She was busted a few times for minor offenses, including driving
without a license. Police knew what she was up to, she recalled. They
warned her that if she didn't stop helping her father, she would go
down with him.

Verbeski told her that he felt the noose tightening.

"He would say, 'One day, they're going to come take me to prison,' "
she said. "He knew it was coming."

She was 17 when it came. The police caught her and her boyfriend with
meth in a hotel room in the spring of 2002. They coaxed her into
spilling everything she knew. She remembers one of them telling her
that she shouldn't worry, that none of this was her fault. She would
later contend that the videotaped interrogation was improper because
she'd been too high to understand what was happening. The argument
failed.

She repeated the story before a grand jury, which indicted her father.
Verbeski considered the strength of the evidence against him, then
pleaded guilty to federal charges of distributing meth and using a
minor to help him do it. A judge ordered him locked up for 22 years
without chance for parole.

In return for her help, prosecutors let Peterson plead guilty to a
state drug charge, under which she'd be eligible for parole. She says
they told her that if they ever caught her returning to the meth life,
they would press for the kind of sentence her father received.
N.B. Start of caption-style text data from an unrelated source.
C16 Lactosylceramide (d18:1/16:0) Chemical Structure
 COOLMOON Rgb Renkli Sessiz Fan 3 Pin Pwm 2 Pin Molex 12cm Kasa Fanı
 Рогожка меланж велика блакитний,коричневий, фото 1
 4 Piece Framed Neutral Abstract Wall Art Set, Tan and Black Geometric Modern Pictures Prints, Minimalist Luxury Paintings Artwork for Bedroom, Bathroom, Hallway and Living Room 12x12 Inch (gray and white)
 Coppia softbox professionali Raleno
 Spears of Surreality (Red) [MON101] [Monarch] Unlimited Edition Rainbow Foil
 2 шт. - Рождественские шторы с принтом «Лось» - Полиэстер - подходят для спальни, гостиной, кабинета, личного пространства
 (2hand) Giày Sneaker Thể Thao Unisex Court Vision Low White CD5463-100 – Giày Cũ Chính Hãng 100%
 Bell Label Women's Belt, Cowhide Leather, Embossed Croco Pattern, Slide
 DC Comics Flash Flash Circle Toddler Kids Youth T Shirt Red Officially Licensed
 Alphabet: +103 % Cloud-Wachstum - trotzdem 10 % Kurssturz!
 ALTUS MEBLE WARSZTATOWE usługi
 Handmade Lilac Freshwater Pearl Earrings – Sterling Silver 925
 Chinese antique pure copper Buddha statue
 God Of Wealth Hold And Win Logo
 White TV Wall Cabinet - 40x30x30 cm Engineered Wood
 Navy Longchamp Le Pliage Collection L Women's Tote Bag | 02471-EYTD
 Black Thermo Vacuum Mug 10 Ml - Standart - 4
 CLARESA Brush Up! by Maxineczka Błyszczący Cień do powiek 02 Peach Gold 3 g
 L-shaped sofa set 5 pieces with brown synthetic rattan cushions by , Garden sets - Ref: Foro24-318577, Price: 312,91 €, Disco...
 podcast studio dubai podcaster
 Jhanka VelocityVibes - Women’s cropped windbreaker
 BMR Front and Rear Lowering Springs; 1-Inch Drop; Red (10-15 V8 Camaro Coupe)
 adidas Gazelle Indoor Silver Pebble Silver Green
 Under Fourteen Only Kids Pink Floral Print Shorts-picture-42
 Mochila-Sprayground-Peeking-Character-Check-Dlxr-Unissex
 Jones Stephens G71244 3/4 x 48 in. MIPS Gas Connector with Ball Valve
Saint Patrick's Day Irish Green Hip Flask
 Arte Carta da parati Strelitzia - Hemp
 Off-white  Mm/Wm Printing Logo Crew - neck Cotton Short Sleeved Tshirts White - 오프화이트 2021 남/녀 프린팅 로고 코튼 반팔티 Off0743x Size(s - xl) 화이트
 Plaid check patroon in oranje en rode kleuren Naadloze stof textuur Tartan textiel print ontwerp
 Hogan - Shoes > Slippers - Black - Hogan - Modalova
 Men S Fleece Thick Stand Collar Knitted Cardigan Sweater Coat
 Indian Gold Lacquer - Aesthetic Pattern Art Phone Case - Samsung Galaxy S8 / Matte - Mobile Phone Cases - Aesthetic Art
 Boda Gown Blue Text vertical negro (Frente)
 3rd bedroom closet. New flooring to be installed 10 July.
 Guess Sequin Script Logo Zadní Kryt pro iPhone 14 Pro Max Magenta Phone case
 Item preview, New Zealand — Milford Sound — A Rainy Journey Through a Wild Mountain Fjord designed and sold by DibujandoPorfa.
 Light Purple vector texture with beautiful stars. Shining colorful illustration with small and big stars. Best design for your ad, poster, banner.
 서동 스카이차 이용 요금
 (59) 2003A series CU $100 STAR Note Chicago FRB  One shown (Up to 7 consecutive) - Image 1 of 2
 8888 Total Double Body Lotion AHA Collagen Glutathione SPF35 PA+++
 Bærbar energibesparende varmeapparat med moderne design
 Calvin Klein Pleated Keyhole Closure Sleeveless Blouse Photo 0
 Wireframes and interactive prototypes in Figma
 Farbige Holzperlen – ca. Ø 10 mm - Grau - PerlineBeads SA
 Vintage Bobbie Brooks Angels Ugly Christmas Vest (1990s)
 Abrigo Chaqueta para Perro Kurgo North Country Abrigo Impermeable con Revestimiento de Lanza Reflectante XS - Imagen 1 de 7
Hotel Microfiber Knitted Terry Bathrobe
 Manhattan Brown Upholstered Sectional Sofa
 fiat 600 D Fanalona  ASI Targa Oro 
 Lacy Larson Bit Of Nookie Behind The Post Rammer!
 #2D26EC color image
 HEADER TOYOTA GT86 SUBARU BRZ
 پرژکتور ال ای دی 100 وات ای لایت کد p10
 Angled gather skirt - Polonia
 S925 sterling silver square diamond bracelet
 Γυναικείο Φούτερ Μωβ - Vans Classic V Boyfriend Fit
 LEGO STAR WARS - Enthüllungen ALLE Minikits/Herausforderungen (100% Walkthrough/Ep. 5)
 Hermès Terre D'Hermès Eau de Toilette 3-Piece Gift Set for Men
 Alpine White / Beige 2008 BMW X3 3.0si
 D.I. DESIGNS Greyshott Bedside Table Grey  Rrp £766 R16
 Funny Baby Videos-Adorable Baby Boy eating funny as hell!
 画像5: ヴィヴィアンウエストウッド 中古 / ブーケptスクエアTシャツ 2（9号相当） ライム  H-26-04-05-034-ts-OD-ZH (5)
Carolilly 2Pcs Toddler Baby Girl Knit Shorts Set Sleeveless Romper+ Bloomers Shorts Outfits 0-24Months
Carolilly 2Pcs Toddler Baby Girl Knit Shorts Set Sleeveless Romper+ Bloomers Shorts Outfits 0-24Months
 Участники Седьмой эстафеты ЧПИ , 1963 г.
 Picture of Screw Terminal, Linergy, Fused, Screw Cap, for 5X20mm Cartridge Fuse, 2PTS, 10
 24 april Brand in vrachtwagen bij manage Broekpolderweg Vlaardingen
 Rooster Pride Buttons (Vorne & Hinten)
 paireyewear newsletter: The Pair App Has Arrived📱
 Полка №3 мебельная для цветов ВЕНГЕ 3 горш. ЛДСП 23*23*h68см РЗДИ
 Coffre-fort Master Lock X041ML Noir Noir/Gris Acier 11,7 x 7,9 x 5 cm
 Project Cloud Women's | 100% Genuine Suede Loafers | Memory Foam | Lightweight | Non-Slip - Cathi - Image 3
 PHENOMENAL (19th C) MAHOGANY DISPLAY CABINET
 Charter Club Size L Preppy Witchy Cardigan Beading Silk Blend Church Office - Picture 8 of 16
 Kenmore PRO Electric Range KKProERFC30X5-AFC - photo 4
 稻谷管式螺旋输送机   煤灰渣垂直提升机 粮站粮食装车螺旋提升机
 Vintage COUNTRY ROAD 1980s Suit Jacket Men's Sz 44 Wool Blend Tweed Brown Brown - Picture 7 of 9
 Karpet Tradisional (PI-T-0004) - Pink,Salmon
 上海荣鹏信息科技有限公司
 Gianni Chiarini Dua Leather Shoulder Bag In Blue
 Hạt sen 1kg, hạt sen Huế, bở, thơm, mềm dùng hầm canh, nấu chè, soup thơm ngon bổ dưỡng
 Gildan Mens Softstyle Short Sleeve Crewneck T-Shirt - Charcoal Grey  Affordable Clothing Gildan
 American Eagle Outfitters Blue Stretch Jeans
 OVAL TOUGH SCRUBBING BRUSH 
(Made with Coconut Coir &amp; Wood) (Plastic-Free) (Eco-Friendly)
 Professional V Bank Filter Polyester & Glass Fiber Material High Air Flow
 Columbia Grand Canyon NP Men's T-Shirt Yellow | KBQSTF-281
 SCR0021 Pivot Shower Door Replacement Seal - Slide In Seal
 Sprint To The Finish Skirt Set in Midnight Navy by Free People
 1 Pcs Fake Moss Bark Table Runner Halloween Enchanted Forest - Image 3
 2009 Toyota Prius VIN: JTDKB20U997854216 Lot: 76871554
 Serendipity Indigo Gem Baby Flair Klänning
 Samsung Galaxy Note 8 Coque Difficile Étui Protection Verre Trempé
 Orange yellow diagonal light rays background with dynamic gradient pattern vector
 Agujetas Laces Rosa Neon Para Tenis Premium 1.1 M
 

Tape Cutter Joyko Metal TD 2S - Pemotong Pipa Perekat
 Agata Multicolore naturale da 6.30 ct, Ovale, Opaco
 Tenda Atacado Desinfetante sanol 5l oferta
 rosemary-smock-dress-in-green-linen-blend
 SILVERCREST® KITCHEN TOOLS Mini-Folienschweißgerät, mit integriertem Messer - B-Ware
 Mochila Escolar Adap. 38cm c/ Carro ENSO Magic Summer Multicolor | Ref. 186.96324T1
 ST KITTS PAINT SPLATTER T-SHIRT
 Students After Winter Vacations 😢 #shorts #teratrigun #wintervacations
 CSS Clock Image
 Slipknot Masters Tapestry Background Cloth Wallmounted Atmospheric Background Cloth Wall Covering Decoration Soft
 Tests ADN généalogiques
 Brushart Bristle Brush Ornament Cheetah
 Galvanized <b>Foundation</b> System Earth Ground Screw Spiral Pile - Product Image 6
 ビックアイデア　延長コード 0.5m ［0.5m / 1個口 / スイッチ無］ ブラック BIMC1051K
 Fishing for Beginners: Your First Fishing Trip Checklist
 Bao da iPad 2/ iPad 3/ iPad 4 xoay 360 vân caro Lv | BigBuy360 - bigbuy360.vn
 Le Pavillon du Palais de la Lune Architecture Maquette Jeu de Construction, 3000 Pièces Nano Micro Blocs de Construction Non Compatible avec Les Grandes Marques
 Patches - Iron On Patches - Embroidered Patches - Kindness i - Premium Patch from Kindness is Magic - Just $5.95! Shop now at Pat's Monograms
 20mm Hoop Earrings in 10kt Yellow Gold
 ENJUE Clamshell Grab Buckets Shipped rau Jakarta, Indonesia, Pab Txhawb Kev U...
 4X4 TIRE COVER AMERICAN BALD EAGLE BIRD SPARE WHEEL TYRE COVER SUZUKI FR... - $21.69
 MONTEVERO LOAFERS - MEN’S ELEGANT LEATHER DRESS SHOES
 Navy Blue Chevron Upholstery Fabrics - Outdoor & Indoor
Prosecutors won't comment on the case. Peterson's lawyer, Patrick
Parry, said she had no attorney when she made the confession and the
deal. Parry said he would have been powerless to help her if the
government had decided to send her away for 10 years without parole.
"She's very, very lucky it didn't go that way," he said.

Peterson was sent to the state women's penitentiary at Mitchellville,
where she began 10 months in an intense addiction-treatment program.
In an interview there, she spoke without emotion about her future. She
only choked up while wondering whether her father would forgive her.
"I'm pretty sure he'll die in prison," she said. "And it feels like I
killed him."

After considering it for nearly a year, Randy Verbeski decided against
granting an interview for this article.

But he reflected on his life in a letter from the "Hot House," the
century-old federal prison at Leavenworth, Kan.

"It's crazy, that driving 100 miles with a pound of dope and a pistol
in my car was a normal, frequent occurrence to me," he wrote. "Having
somebody come to my house to deliver pounds of meth was a daily thing.
And I never saw it as dangerous, stupid or even abnormal.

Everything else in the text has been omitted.